News and Sentiment Analysis

Monitor news and investor sentiment for the stocks you’re interested in. Review earnings reports, management guidance, analyst ratings, and any geopolitical or macroeconomic events that could impact the company or its industry.

Diversification

To manage risk, invest across different sectors, market capitalizations, and geographic regions. Diversification helps mitigate the impact of underperformance in any single stock or sector.

Continuous Learning

Expand your knowledge by reading financial articles, stock market books, and website tutorials. Watch financial news channels like Bloomberg TV to stay informed about market trends and economic indicators that could affect your holdings. Adapting to new information is essential for long-term success as a trader.

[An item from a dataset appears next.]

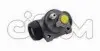 CIFAM NISSAN Рабочий тормозной цилиндр правый Primera 1.6,20D 91- 101-625 CIFAM 101-625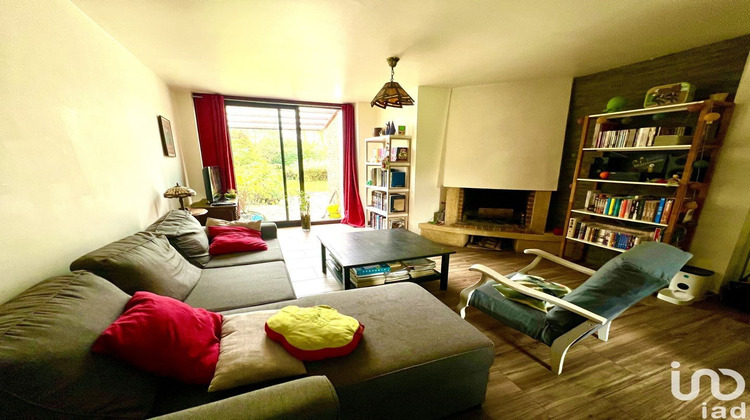 Ma-Cabane - Vente Maison Bouffémont, 79 m²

Remember, research and analysis is an ongoing process. As you gain experience, you may refine your methods and develop a personalized approach to stock selection. Regularly review and assess your portfolio to ensure it aligns with your trading goals and risk tolerance.

Many brokerages offer extensive research resources and tools to help you analyze stocks and make informed decisions, including stock screeners, fundamental and technical data, market news, and educational content.

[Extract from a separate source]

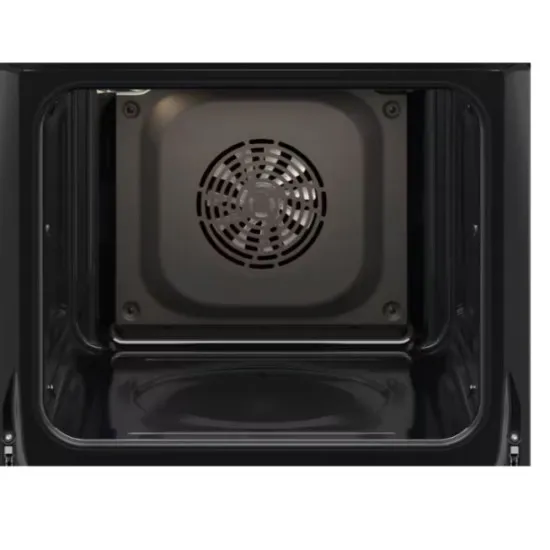 Electrolux EOD5F70BX beépíthető sütő, 65L, 59.4x56x58.9 cm, inox szín 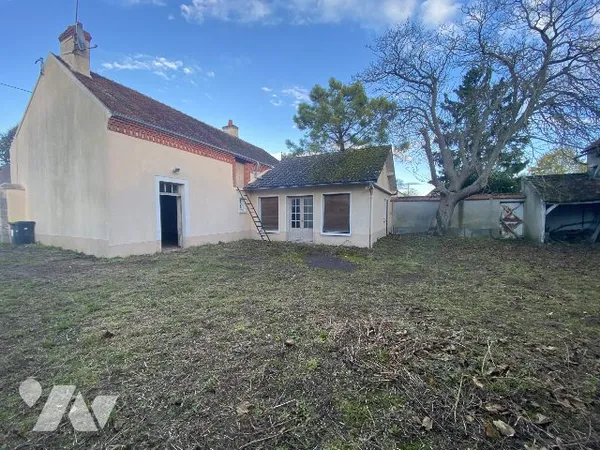 Maison 4 pièces 112 m²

5 Place Your Order to Buy or Sell Stocks

After developing a trading plan and researching various stocks, it’s time to place your orders through your brokerage. When placing an order, you’ll need to provide the stock ticker symbol, the number of shares, and the type of order you wish to use.

Market Orders

– Description: Request your brokerage to buy or sell a stock at the best available price.

– Pros: Executed quickly, ensuring your trade goes through.

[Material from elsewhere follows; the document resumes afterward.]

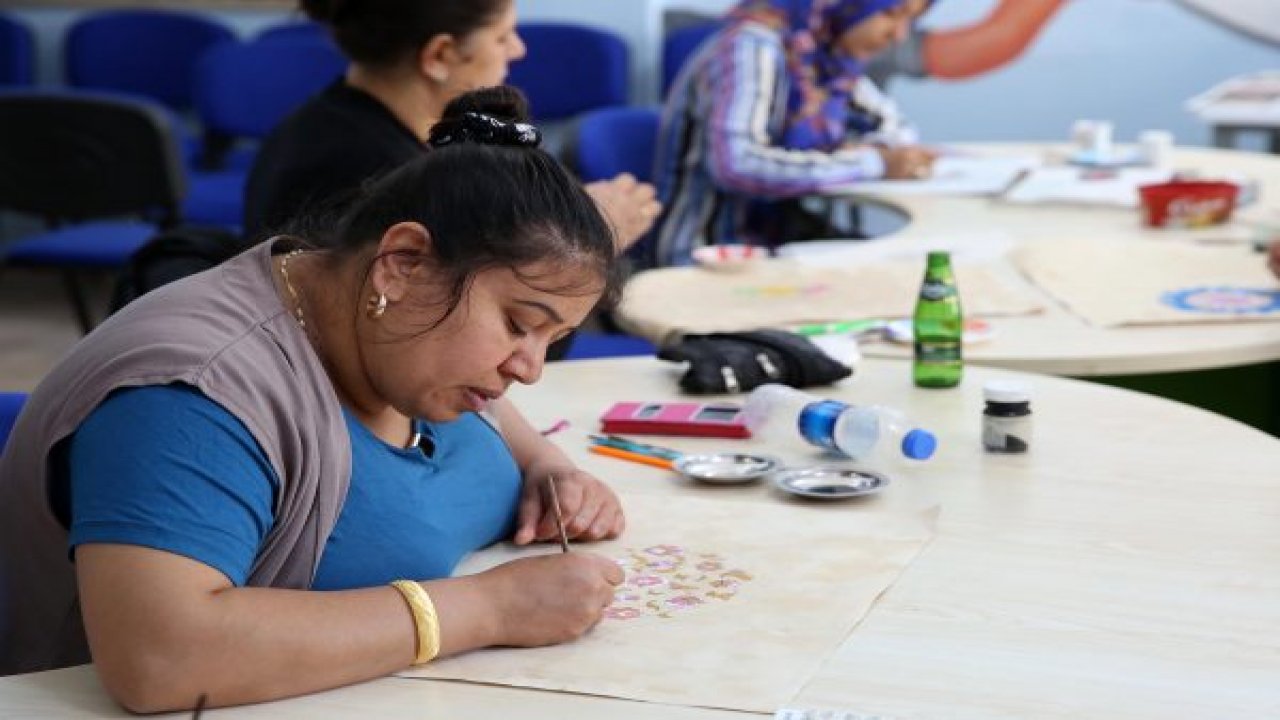 Buca’nın örnek projesi Muğla’ya model oldu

– Cons: You might get an unfavorable price, especially in volatile markets or with less frequently traded stocks.

– Best Used: When you need to make a trade quickly and are willing to accept the current market price.

Limit Orders

– Description: Set the maximum price you’re willing to pay (for buying) or the minimum price you’re willing to accept (for selling).

– Pros: Provides more control over the execution price.

– Cons: Your order may not be filled if the stock never reaches your limit price.

– Best Used: When you have a specific price in mind and are willing to wait for the market to reach that level.

Stop Orders

– Description: Triggered when a stock reaches a specified price, turning into a market order filled at the next available price.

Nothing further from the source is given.